響太にはどう答えていいかわからなかった。
………笑っているのに、深春がとても悲しそうに見えたから。
「私が歌手になったのも、きっかけはあの子なの。千秋がピアノを弾いて、それを私が歌う。その瞬間が私にとって一番楽しい時間だったから………」
深春は笑っていた。
その笑顔はテレビ画面から見ていたのと同じ。綺麗な笑顔だった。
あー、そうか。
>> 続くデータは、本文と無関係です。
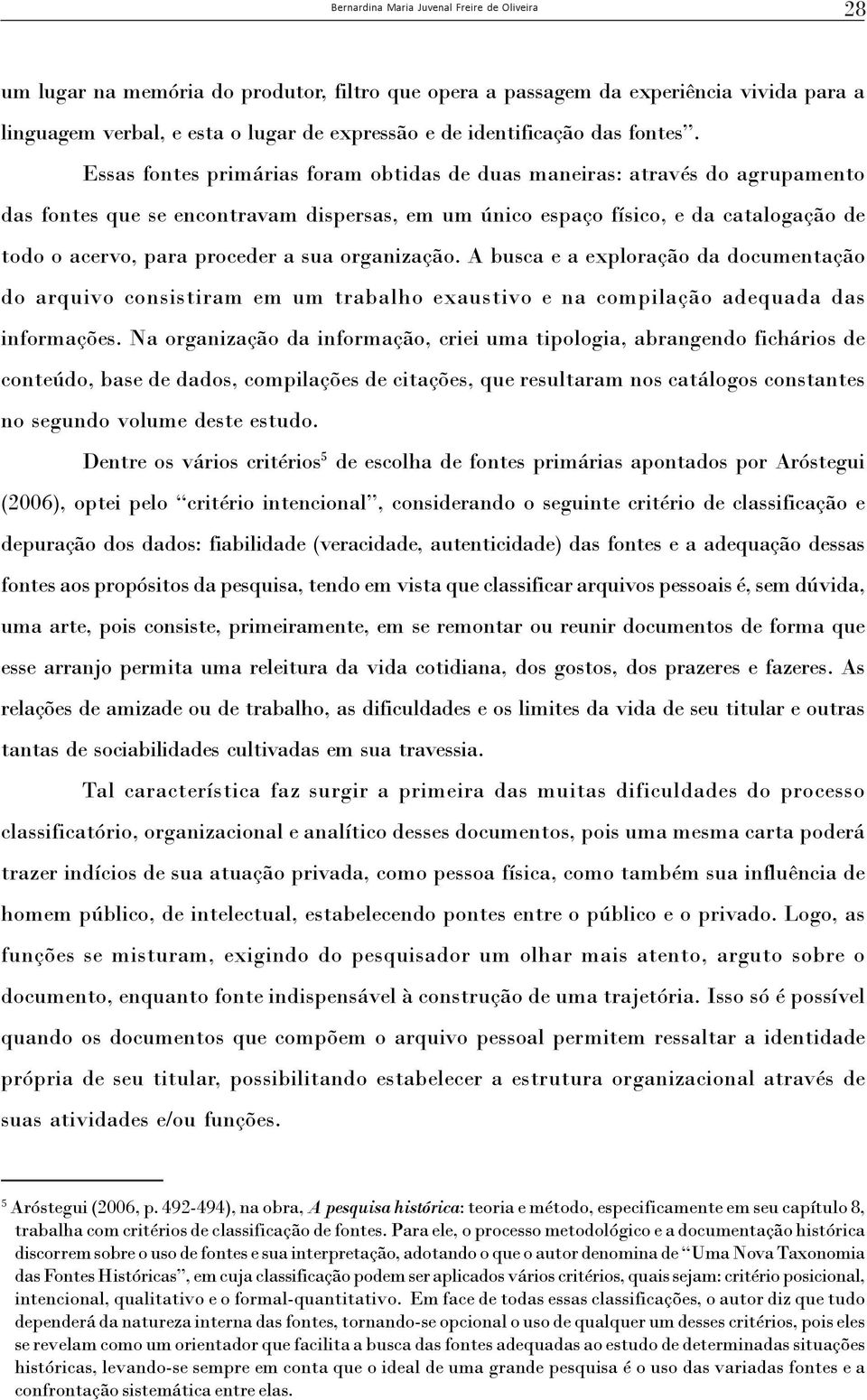 sua organização. A busca e a exploração da documentação do arquivo consistiram em um trabalho exaustivo e na compilação adequada das informações.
と、響太は思い至った。
なぜかはわからないけど。
やっぱり深春は寂しいんだ。
寂しくて、泣きそうなほどつらくて………
だから何でもないように笑っているんだ。
他人に心配をかけさせないように。
そして、自分がこれ以上悲しくならないように。
「………………」
響太はこの瞬間。
深春が1人のアイドルであるという以前に。
1人のかよわい女の子であることを知った。
だから………
「………そっか」
響太は笑った。
「楽しかったんだね」
深春に比べたら全然不自然な笑い方だったけど、それでも笑った。
………これ以上。
深春に無理をさせたくなかったから。
「………うん」
深春は薄く微笑んだ。
「だからね……」
と深春が何か言いかけた時に。
突然、後ろからぐおおおおん、という車の排気音が邪魔をした。
ごとごとごっとん!
そして山頂にある雷鳴学園の下校路、ろくに舗装されていない山道から、都のスタイリッシュな赤い流線型の車が降りてきた。
「あ〜ん! あたしのカ●―ラに傷がつく〜!」
「母さん?」
そこには仕事モードを解除した、響太にとって見慣れた都が乗っていた。
「ありがとう、都さん」
深春が車の窓越しに、都に車を出してくれた礼を言った。
「まぁいつものことだし、別にいいけど………絶対社長に抗議してこの道路舗装してやる!」
都が窓際のボタンを押すと、後部座席と助手席がバタンと自動で開いた。
「無理じゃない? 社長この山好きだから。滅多なことじゃ舗装してくれないと思うよ」
深春が後部座席に乗った。
「ほら、送ってってあげるから。響太も乗って」
都が運転席から急かした。
響太は慌てて助手席に乗りながら、先ほどの会話でふと気になったことを聞いた。
「社長?」
(理事長に、じゃなくて?)
この山は雷鳴学園が所有していたはずだ。だからこの道を舗装したいなら理事長に言うのが筋のはずだが……
「あー、この学園ね」
都が。ガコッとシフトチェンジをしながら言った。
「ウチの芸能プロダクションの社長が、理事長を兼ねてるの」
「はいっ?」
響太の驚きの声と共に、車が発進した。
『無理をしなくていい。
もうこれ以上涙を流して欲しくない。
もういいから。十分だから。
だから、お願い。
私のことはもう忘れて。
お姉ちゃん』
さぁ、クライマックスが近づいてまいりました! ………たぶん。